Soviet ire was evidently not restricted to the Lithuanians. On May 28, an article in Pravda criticized the “loyal attitude” that it perceived among the Estonian intelligentsia toward Great Britain, complaining that the University of Tartu, for instance, was a veritable hotbed of “pro-British propaganda.” An Estonian delegation at a book exhibition in Moscow personally experienced the abrupt change of climate. Arriving on May 26, its members had been warmly welcomed and feted, but two days later the atmosphere became so hostile that they were obliged to return home ahead of schedule.

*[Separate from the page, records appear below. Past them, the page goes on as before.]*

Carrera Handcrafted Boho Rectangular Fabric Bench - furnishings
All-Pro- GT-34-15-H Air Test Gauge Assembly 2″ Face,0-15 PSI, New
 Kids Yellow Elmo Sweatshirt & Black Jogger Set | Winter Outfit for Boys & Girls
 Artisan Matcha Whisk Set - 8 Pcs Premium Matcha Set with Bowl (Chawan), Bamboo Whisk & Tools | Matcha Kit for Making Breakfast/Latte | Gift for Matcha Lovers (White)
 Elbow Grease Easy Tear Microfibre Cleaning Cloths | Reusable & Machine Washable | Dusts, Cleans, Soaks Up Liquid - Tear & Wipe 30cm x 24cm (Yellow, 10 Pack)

As the British and French faltered before German aggression in the west, the Baltic states were exposed to the full fury of Molotov’s diplomatic offensive. On May 30—as the evacuation of British and French forces at Dunkirk was at its height—formal accusations were leveled at the Lithuanian government, alleging official collusion in the recent “outrages” against Red Army soldiers. Hurrying to Moscow, Lithuanian prime minister Antanas Merkys found Molotov in an unyielding mood. On June 7, the Soviet foreign minister demanded that two prominent members of the Lithuanian cabinet be removed; two days later he accused Lithuania of conspiring with Estonia and Latvia to establish an anti-Soviet military alliance. At a third meeting, on June 11, with Merkys and the Lithuanian cabinet offering everything possible to placate him, Molotov, determined not to be mollified, poured scorn on Lithuanian protestations of innocence. After only an hour, the meeting broke up, and Merkys returned to Vilnius, unaware that his efforts had served little purpose because the Red Army was already preparing its invasion.